Delisle brings CHamoru women specifically to the forefront of this important conversation.
Delisle is extremely direct about the different narratives in this story and where they come from. Guåhan is a historic island whose narratives have been dominated by settlers for far too long. The author uses the microcosm of US Navy wives and CHamoru women to bring these narratives to the reader.
The narrative of the United States Navy is the one that ultimately shaped the island since the American occupation began. Delisle shares how the naval governor of Guåhan in 1898 wanted to use “benevolent assimilation” as an imperialist tactic.

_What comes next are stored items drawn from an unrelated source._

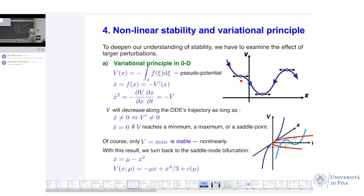X-dot is equal to zero at an inflection point, a minimum, or a maximum. Of these, only V equal to a minimum is stable, because anything going either to the right or to the left will come back. If you're at a maximum, going to the left will come back, but going to the right it will keep going. With this result, we turn back to the saddle-node bifurcation. X-dot equals mu minus x-squared, so V of x, mu equals minus mu times x plus x-cubed over three plus a constant.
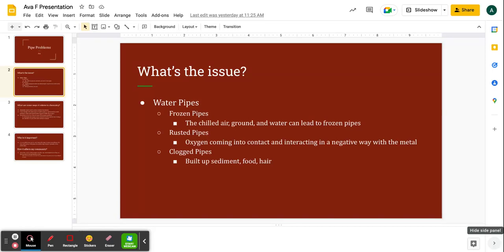Hello, my name is Ava and for today's presentation I'm going to be reintroducing pipe problems and the chemistry behind it.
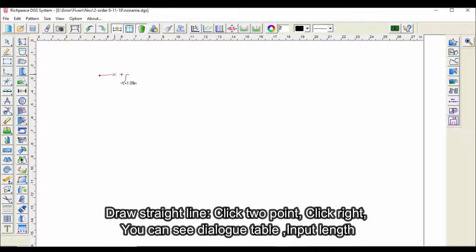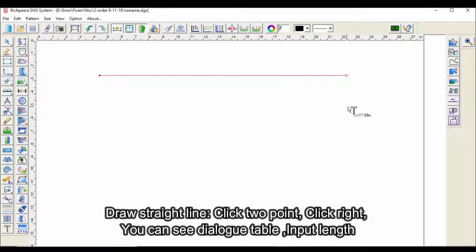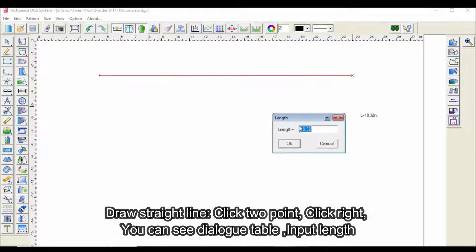To draw a straight line, click two points, then click right and you can see a dialog table to input the length.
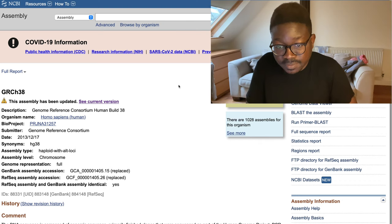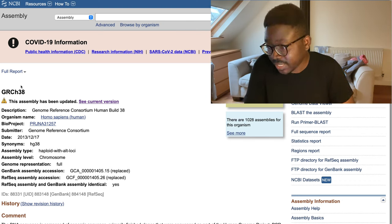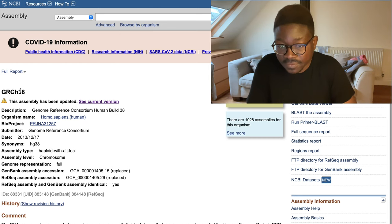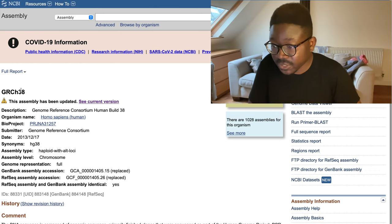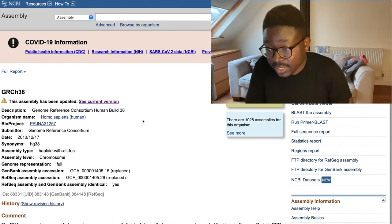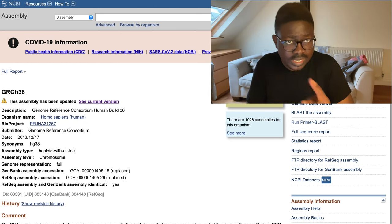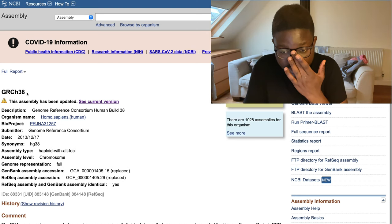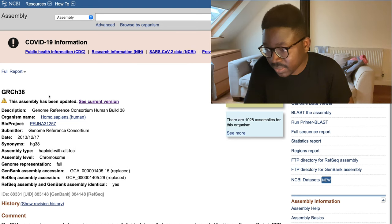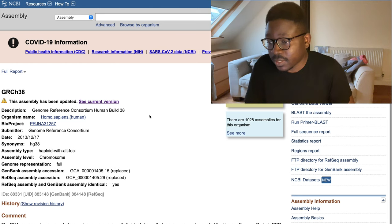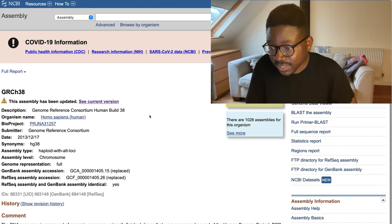If you saw my video last week, you'll know that HG38 is the human reference build you should be using if you have the option — and we do here. So I'm going to be using HG38 as the reference. You can download it from NCBI. We need to do a few things to it before we use it, which I'll talk about next.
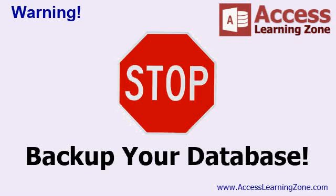So now that we know what the different types of action queries are and what they do and you've been warned about backing up your data, in the next lesson we'll get started with an update query.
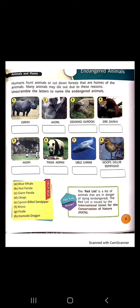At the bottom of the chapter on this page, a help box is given in which the names of these animals are mentioned.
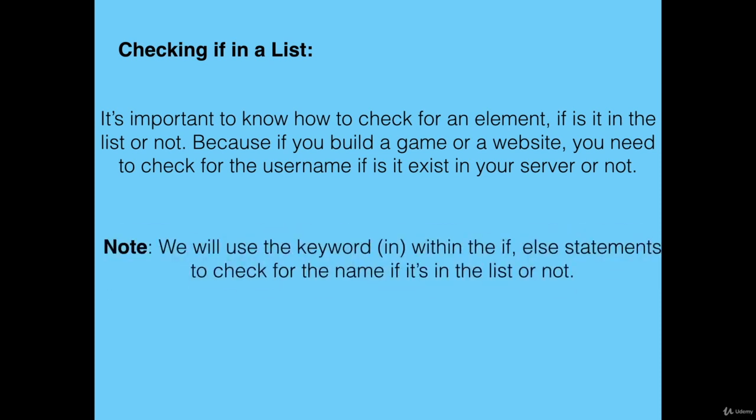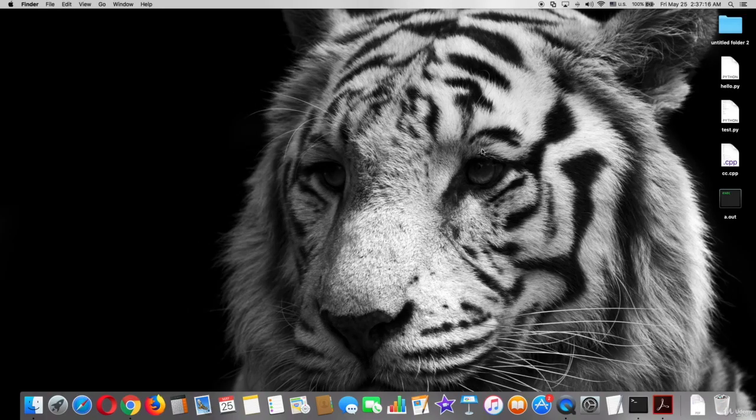Note we will use the keyword 'in' within the if else statements to check for the name if it's in the list or not. Let's see how. First, go to Brackets.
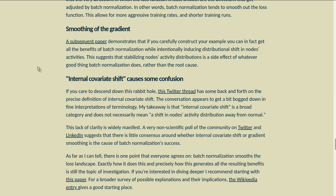If you care to descend down the rabbit hole, there's a Twitter thread with back and forth on the precise definition of internal covariate shift. My takeaway is that internal covariate shift is a broad category and doesn't necessarily mean a shift in nodes' activity distribution away from normal. A poll of the community suggests there's little consensus around whether internal covariate shift or gradient smoothing is the cause of batch normalization's success. As far as I can tell, there's one point everyone agrees on: batch normalization smooths the loss landscape. Exactly how it does this and precisely how this generates all the resulting benefits is still the topic of investigation.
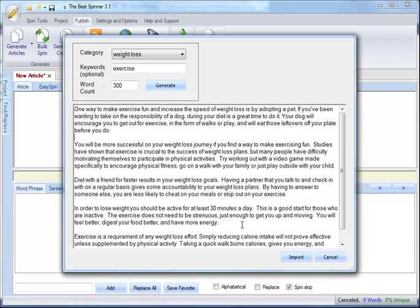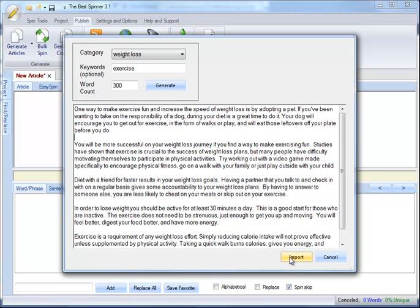And if you haven't purchased the Best Spinner yet, remember, through the 7th of October, you have a special 45% off discount price. So now is the time to get it because when 3.1 is released, you're going to get this incredible new content tool along with your copy at no extra cost.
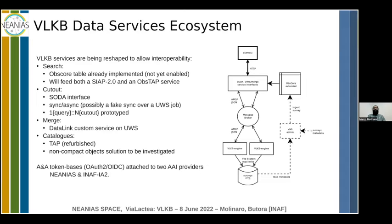For the cutout itself, there is an IVOA standard called SODA — Server-Side Operations for Data Access — that allows synchronous or asynchronous cutouts. Asynchronous is preferred for long computations. We plan to support multi-cutout queries so you can request multiple cutouts in various places on the galactic plane and receive a packaged response. The merge function uses a DataLink custom service based on the Universal Worker Service (UWS). Catalogs use TAP, though the current library needs updating to support proper authentication and authorization.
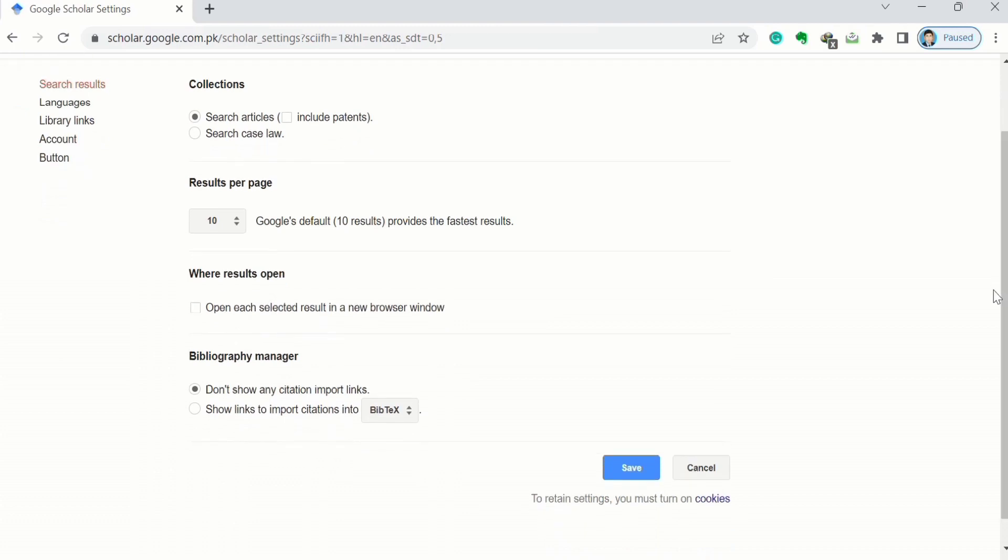You will find the option of bibliography manager. Check this option: show links to import citation into. You can see I have selected this option and the black circle appeared here, meaning I have selected this option.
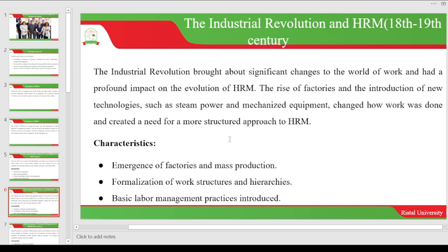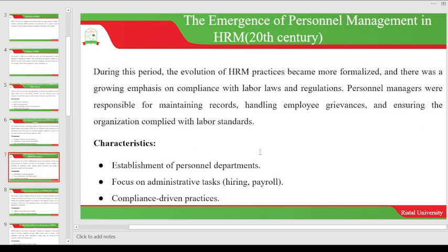The next stage in the evolution of human resource management is the emergence of personnel management in the 20th century. Personnel management is the same as human resource management — some organizations don't have a human resource department but have a personnel department instead. During this period, human resource management practices became more formalized and there was a growing emphasis on compliance with labor laws and regulations. Personnel managers were responsible for maintaining records, handling employee grievances, and ensuring the organization complied with labor standards.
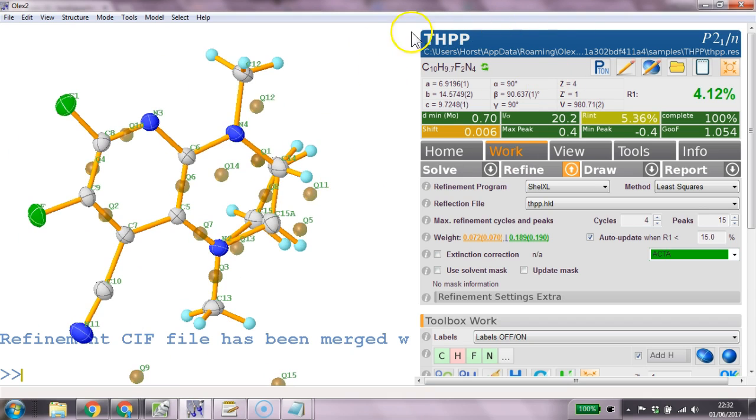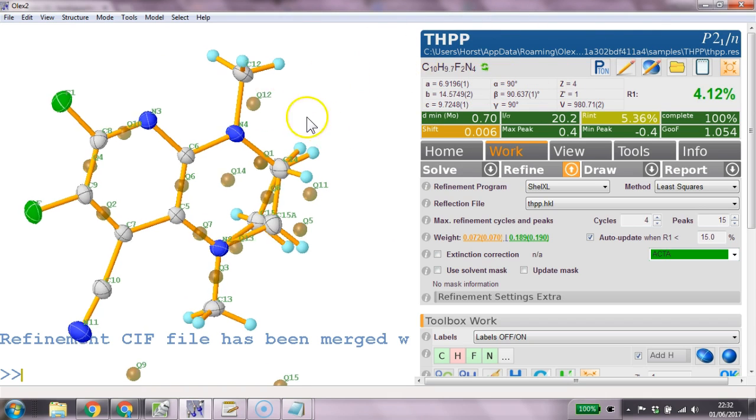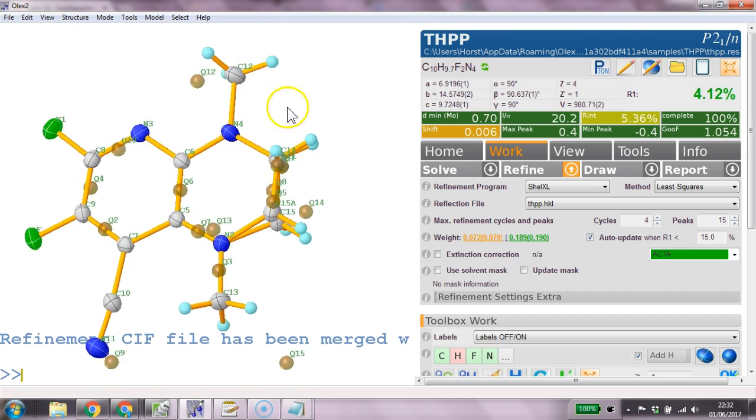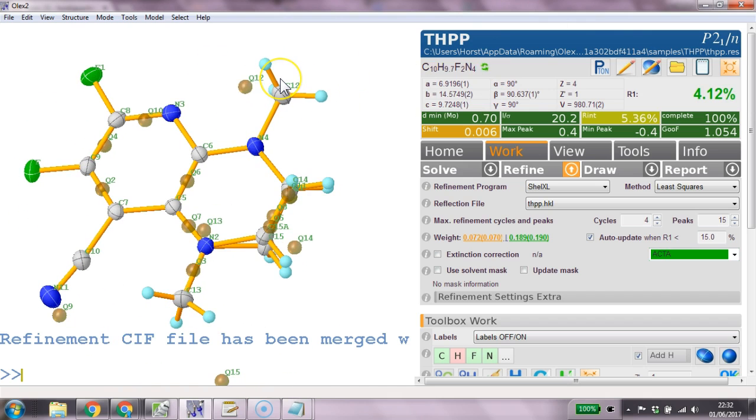The display up here shows me that the isometric unit doesn't actually correspond to what's on the screen. But I think in this structure it's actually a rounding thing. The command for this would be fix unit.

The idea at the time, after buying the island from Spain, another controversial idea in itself, was to “cure” the indigenous people of what the US considered to be a primitive culture by introducing a fancy white Westernization.
CHamoru patteras, or midwives, occupy a central place in the narrative of “Politics of the Placenta”. The patteras were sometimes called dåma de noche, women of the night, a well-known term for sex workers, which unfortunately had a negative connotation.
This is a subtle and insidious indication of the success of the colonists’ propaganda campaign, against which Delisle is fighting.
The patteras provide an essential service to the CHamoru people who give birth, acting as doulas immersed in indigenous practices. This includes the practice of burying a part of the placenta in the ground after the child is born.
In this way, the child will always be connected to Guåhan. The sanctity of the land and a connection to it is a common thread through many indigenous Pasifika cultures.
The patteras were part of what the US naval governor considered “backward.” The colonists were unaware of the idea of women working in addition to being dutiful Christian wives, mothers, and young girls.
The idea of a woman working all hours of the day and night and often traveling long distances alone to serve her community was discouraged. The settlers couldn’t wait to convince the Indians to go to the naval hospitals.
The author mentions that the “efforts to regulate the terms of gender and sexuality of the CHamoru were also fundamentally based on what Gail Bederman describes as a “crisis in American masculinity”.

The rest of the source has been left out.